The Future Is As Bright As The Promises Of God

Archive for November 6, 2013

John Q. Adams Pro-God Anti-Slavery


If you have an opportunity to read any books written about (or written by) John Quincy Adams, please take time to do so. Adams, 6th President of the United States, was not afraid to speak his mind on any subject.
The following is an excerpt from “Letters of John Quincy Adams to His Sons on the Bible and its Teachings”…

“The first point of view in which I have invited you to consider the Bible, is the light of Divine Revelation. And what are we to understand by these terms? I intend as much as possible, to avoid the field of controversy, which I am not well acquainted with, and for which I have little respect, and still less inclination. My idea of the Bible as a Divine Revelation, is founded upon its practical use to mankind, and not upon metaphysical subtleties. There are three points of doctrine, the belief of which, forms the foundation of all morality. The first is the existence of God; the second is the immortality of the human soul; and the third is, a future state of rewards and punishments. Suppose it possible for a man to disbelieve either of those articles of faith, and that man will have no conscience, he will have no other law than that of the tiger or the shark; the laws of man may bind him in chains, or may put him to death, but they can never make him wise, virtuous, or happy…
It is so obvious to every reasonable being, that he did not make himself, and the world which he inhabits, could as little make itself, that the moment we begin to exercise the power of reflection, it seems impossible to escape the conviction that there is a Creator. It is equally evident that the Creator must be a spiritual, and not material being; there is also a consciousness that the thinking part of our nature is not material, but spiritual — that it is not subject to the laws of matter, nor perishable with it.”

Adams believed that all men have the same God-given rights. He worked for years to end slavery. In a speech delivered on the 61th anniversary of the Declaration of Independence, he stated…

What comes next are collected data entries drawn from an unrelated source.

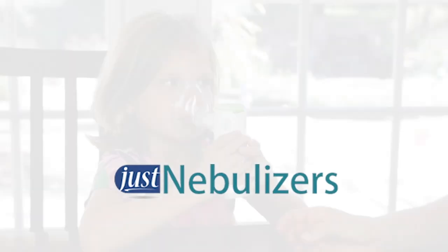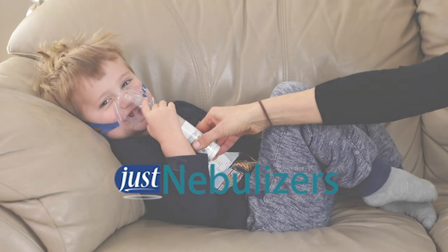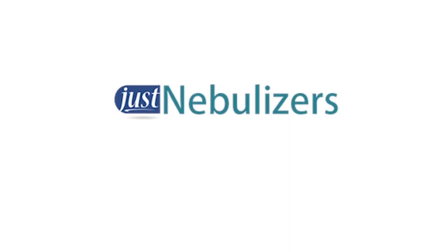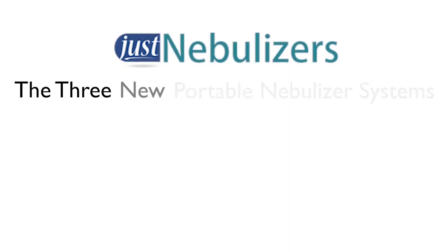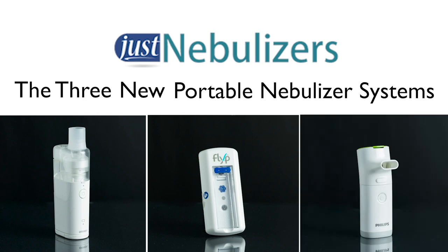We've had a slew of new products in the last year and we wanted to take the time to go over these products and compare them in detail. In this video, we will be discussing the three new portable nebulizer systems: the Omron U100, the Flip, and the Innospire Go.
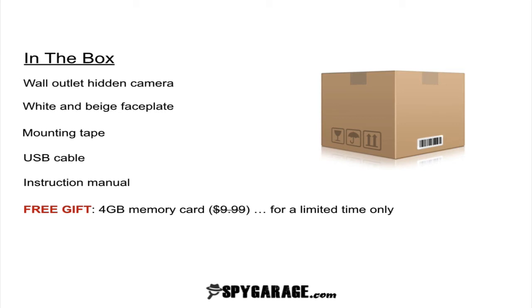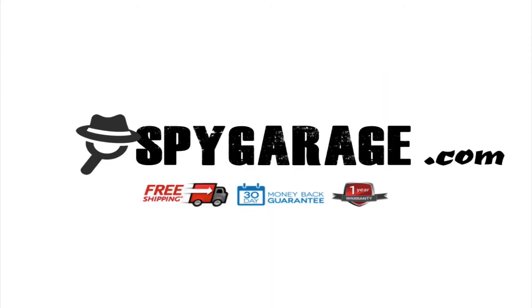Also remember, for a limited time you're going to be able to get a free 4GB memory card. So what you need to do right now is make sure you go to SpyGarage.com and look under the section for hidden cameras and you're going to find it there. We have a limited time offer right now — the free gift for the 4GB memory card. You're also going to get free same day shipping, a 30 day money back guarantee, and a year warranty.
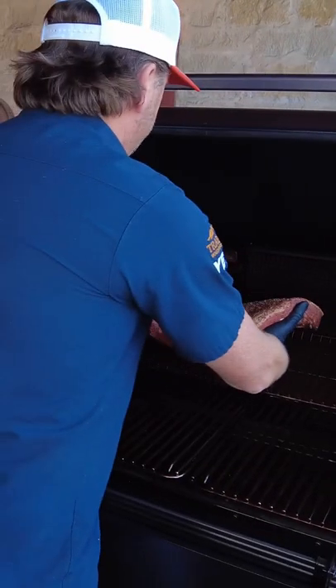We're going to cook this overnight at 200 degrees on super smoke. We're going to leave this alone — I'm not going to touch it, I'm not going to spritz it. I don't have to do a thing.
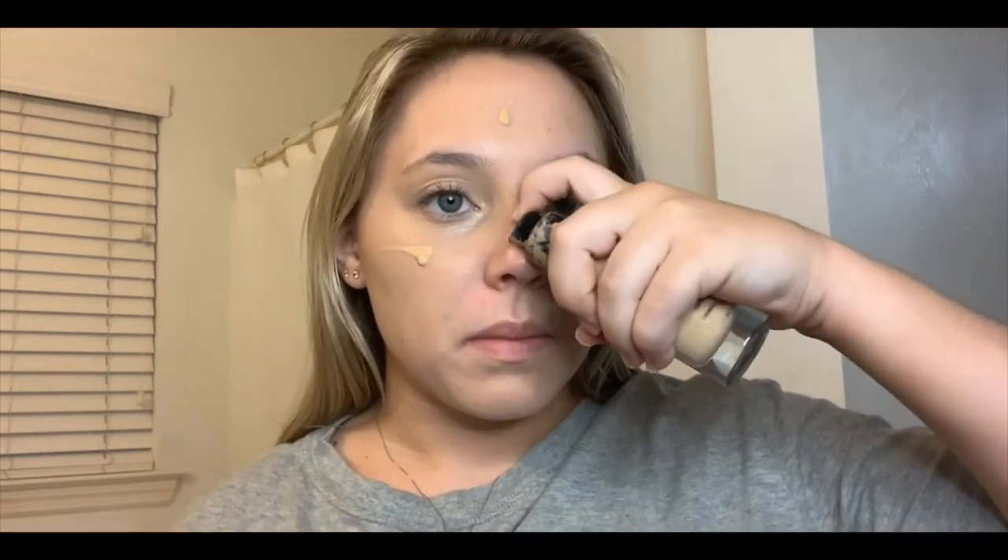You just want to blend it all the way out, like that, and then do the same thing on the other side. Next I'm going to use a liquid foundation from Bare Minerals, and this is really one of the biggest things that's different than my normal makeup routine. Normally I just use a powder, but when we have all the lights and cameras it gets a little washed out if I don't have a little bit more foundation on.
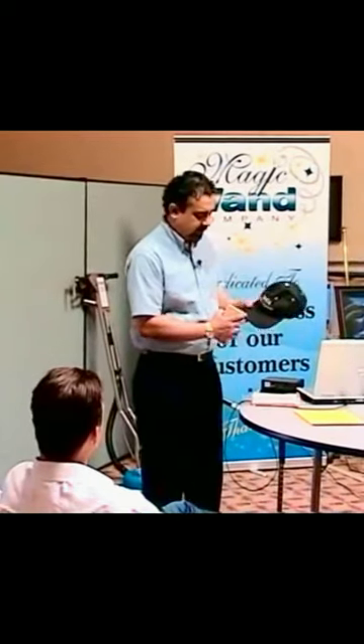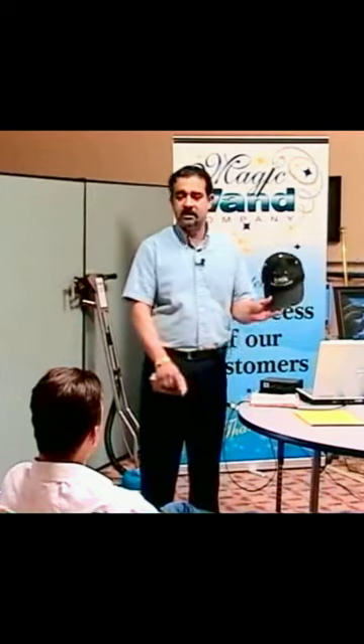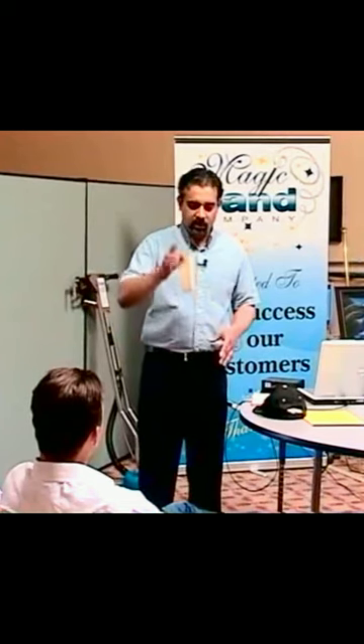It does have a stain right there. What you can do is use this as an eraser too — it will take any stain out pretty much. It's a really great tool, and when you're done with it you throw it in the washer. You wash it and it's reusable.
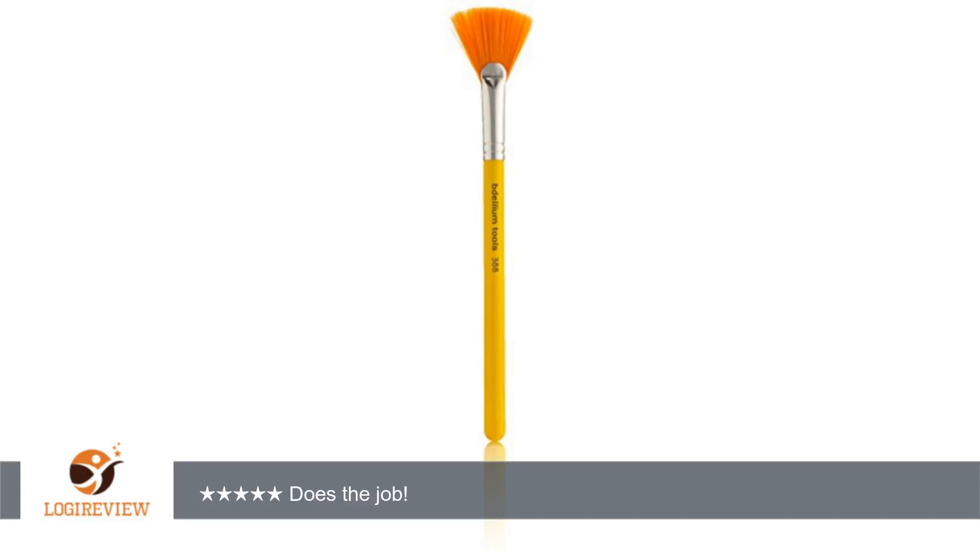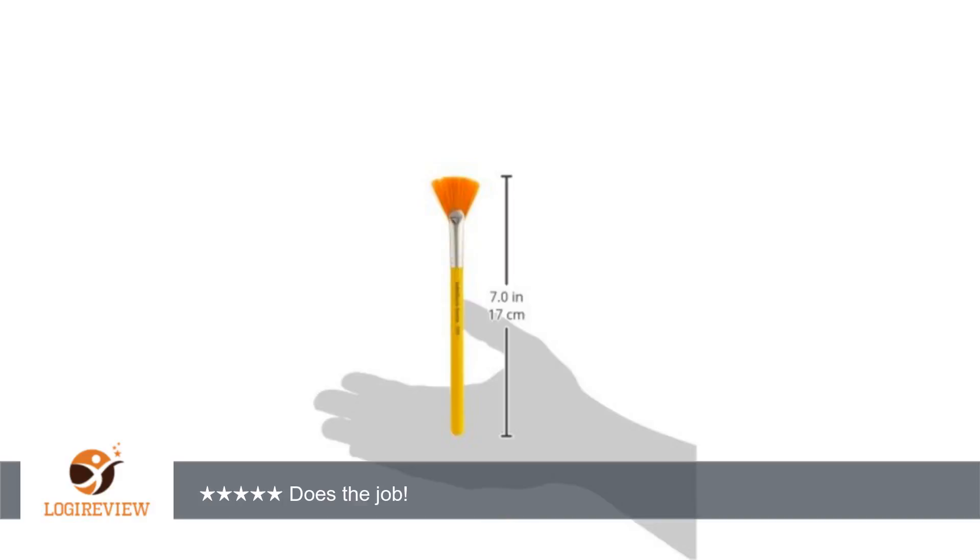A customer wrote: I needed a brush to apply skin peels and face treatments during my at-home facials and this works great. Does the job! 5 stars. Thank you for watching.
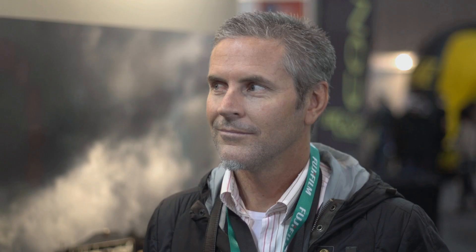Here we are at the Digital Life Show with Christian Fletcher. Christian's been shooting with the X-Pro1, and prior to that he was shooting with the X-100. Christian's an amazing landscape photographer. He's worked in the industry for many, many years and has numerous galleries in WA. How did you first get involved in photography, Christian?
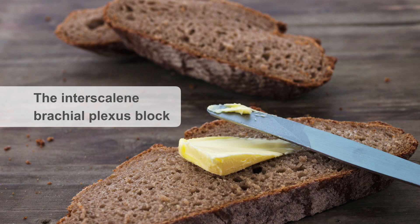The interscaling brachial plexus block is the bread-and-butter surgical anesthetic block of choice for arm and shoulder procedures. Remarkably, in the past this was commonly done without the assistance of ultrasound guidance.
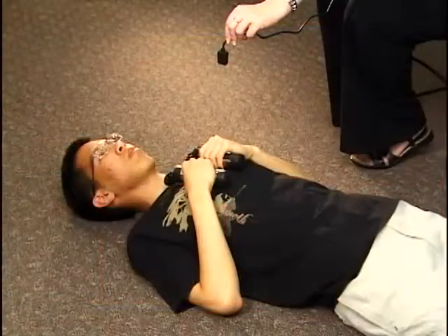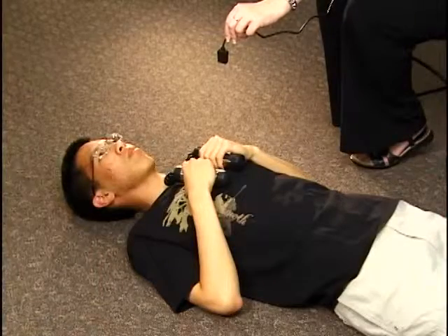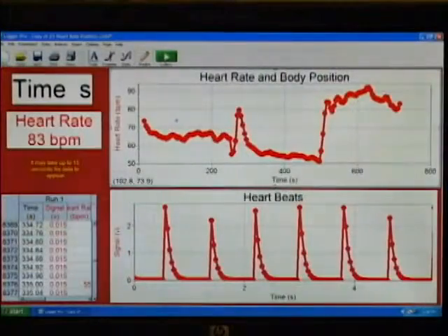Then we have the subject lie on the floor for four minutes while we record his heart rate. Now we've moved into our final body position, which is standing. We've been here about four minutes. The data collection is about to finish, and there it goes. You can clearly see the three different sections: the four minutes where he was sitting, four minutes where he was laying down, and four minutes where he was standing.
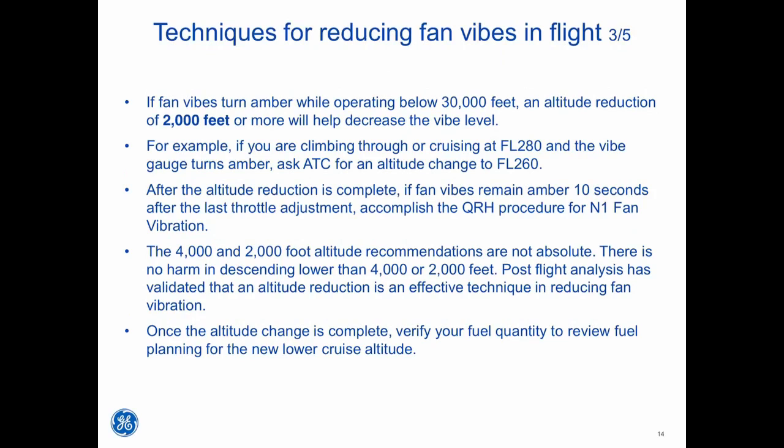If fan vibes turn amber while operating below 30,000 feet, an altitude reduction of 2,000 feet or more will help decrease the vibe level. For example, if you are climbing through or cruising at flight level 280 and the vibe gauge turns amber, ask ATC for an altitude change to flight level 260. After the altitude reduction is complete, if fan vibes remain amber 10 seconds after the last throttle adjustment, accomplish the QRH procedure for N1 fan vibration. The 4,000 and 2,000-foot altitude recommendations are not absolute — there is no harm in descending lower. Post-flight analysis has validated that altitude reduction is an effective technique in reducing fan vibration. Once the altitude change is complete, verify your fuel quantity and review fuel planning for the new lower cruise altitude.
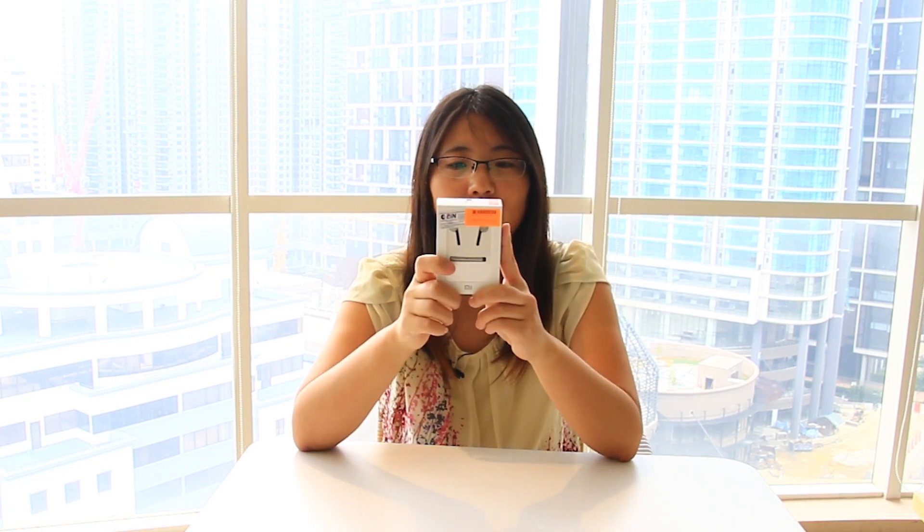This is a bit cheaper than the HD. I think Xiaomi is good for me as a budget traveler. Usually when I cycle, I always listen to music because sometimes it's boring. And I used this Xiaomi Pro for a long time — actually one year and six months.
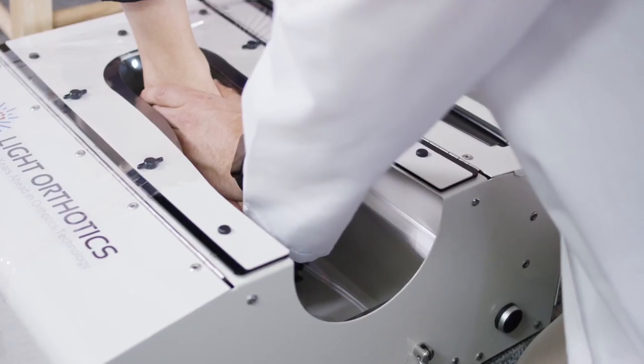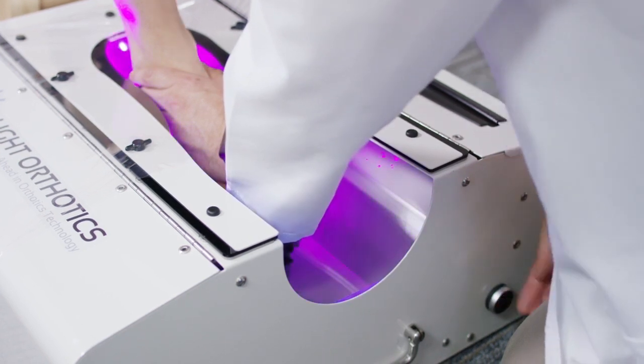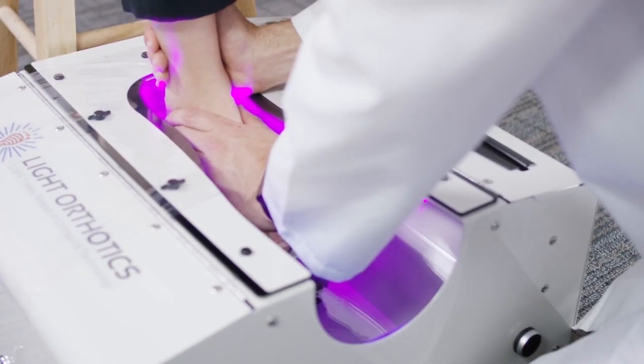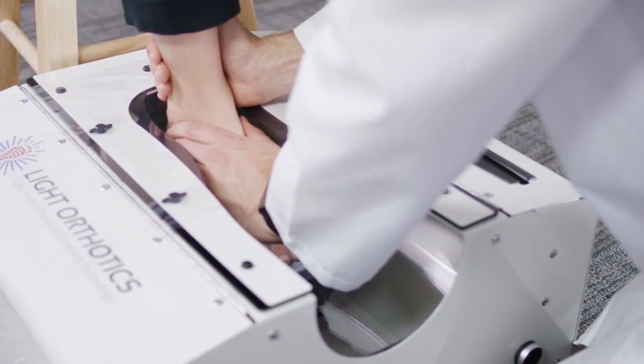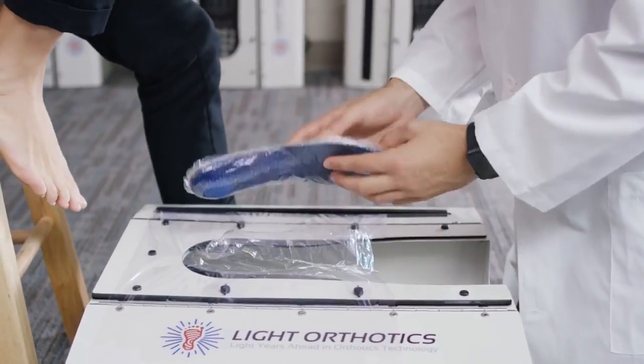Once the doctor or technician is satisfied with the position of the patient's foot, they activate the UV lights to begin the curing process. After approximately two minutes, the light curing process is complete and the pre-thodic is now a custom molded orthotic ready to put in a patient's shoe.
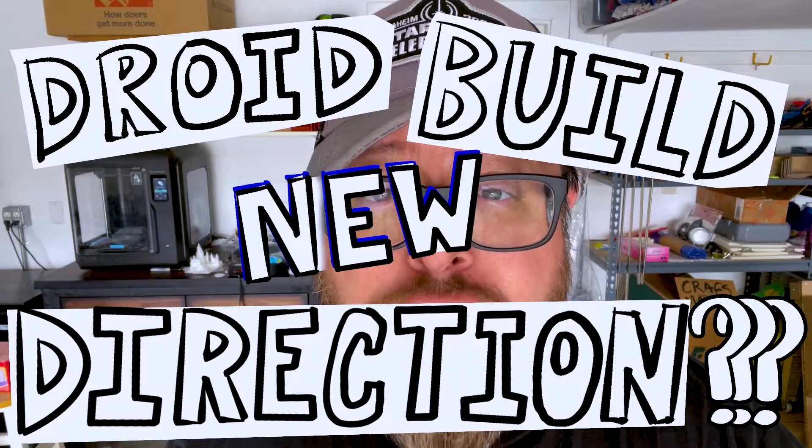Hi, I'm Papatone, and today we're going to talk about a change in direction for our R2-D2 droid build. A few weeks ago, I did a little experiment that changed all of my ideas about how this project was going to go.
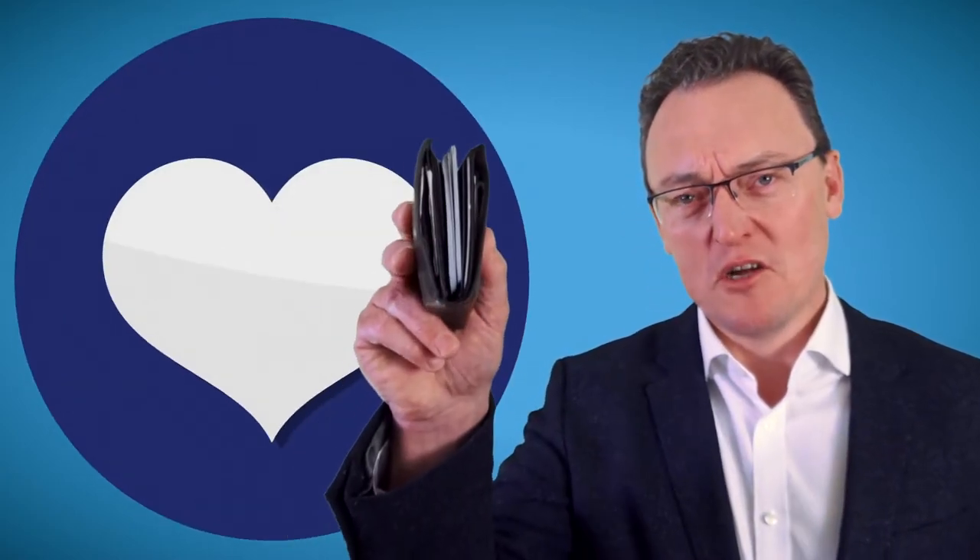Do you love loyalty cards so much that your wallet looks full like this? And now you've just filled up with petrol and the person says, do you have a card — a Shell card, or a Tesco's club card?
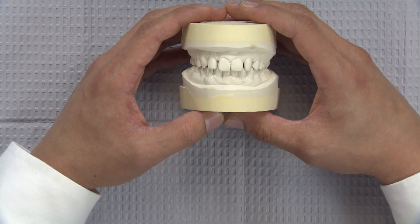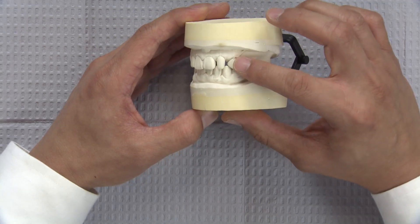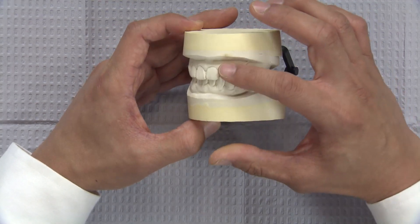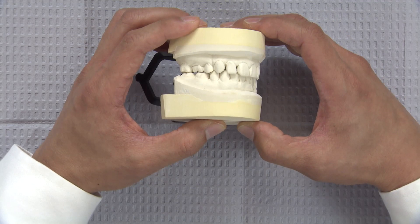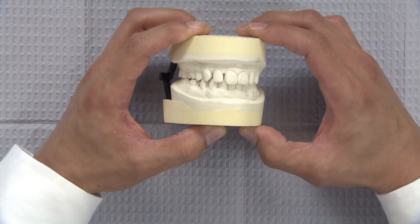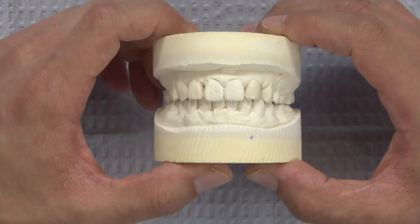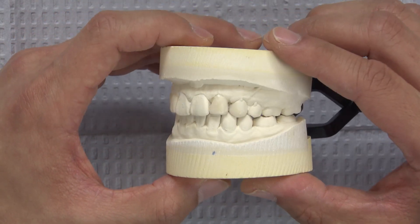For this case, we have a 22-year-old female that presents with peg laterals and also a congenitally missing maxillary left canine, tooth number 11. The patient would like to enhance the aesthetics of her smile by closing the diastemas on either side of the laterals. We certainly have many different options today in dentistry. I will attempt to do this using the most minimally invasive method by applying composite bonding to the mesial and distal surfaces of the laterals. To plan out what we're going to do for this case, I went ahead and poured up a separate model and waxed the aesthetic areas up.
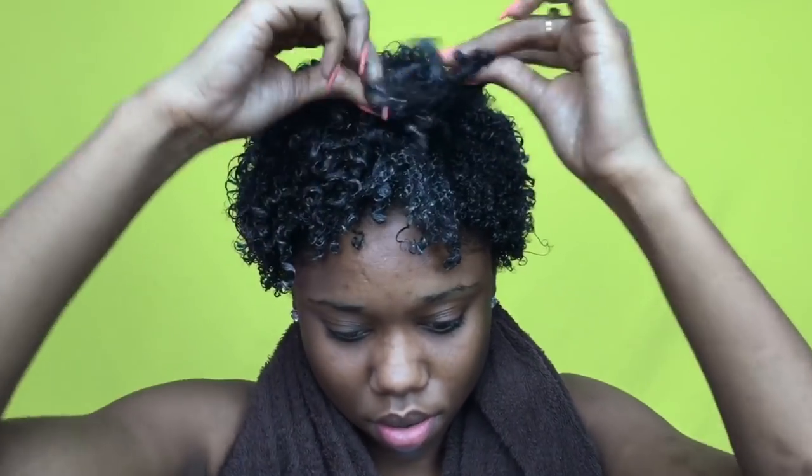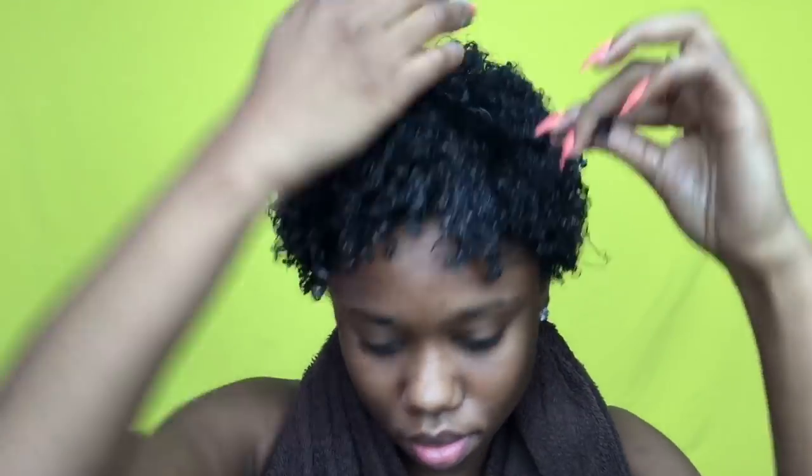So now I've distributed the gel throughout my hair as much as possible and the back portion has already begun to dry. I have a problem with other Eco Stylers not drying fast enough, and this dried so well.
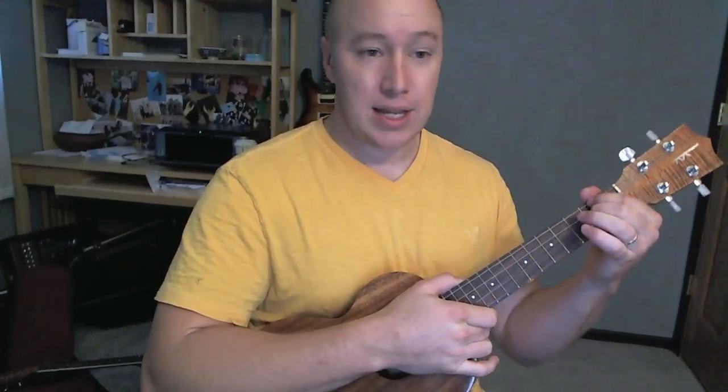So not too bad a song to do on the ukulele. Hope it helps. Thanks for watching. See ya.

“The inconsistency of the institution of domestic slavery with the principles of the Declaration of Independence was seen and lamented by all the southern patriots of the Revolution; by no one with deeper and more unalterable conviction than by the author of the Declaration himself. No charge of insincerity or hypocrisy can be fairly laid to their charge. Never from their lips was heard one syllable of attempt to justify the institution of slavery. They universally considered it as a reproach fastened upon them by the unnatural step-mother country and they saw that before the principles of the Declaration of Independence, slavery, in common with every other mode of oppression, was destined sooner or later to be banished from the earth. Such was the undoubting conviction of Jefferson to his dying day. In the Memoir of HIs Life, written at the age of seventy-seven, he gave to his countrymen the solemn and emphatic warning that the day was not distant when they must hear and adopt the general emancipation of their slaves. “Nothing is more certainly written,” said he, “in the book of fate than that these people are to be free.”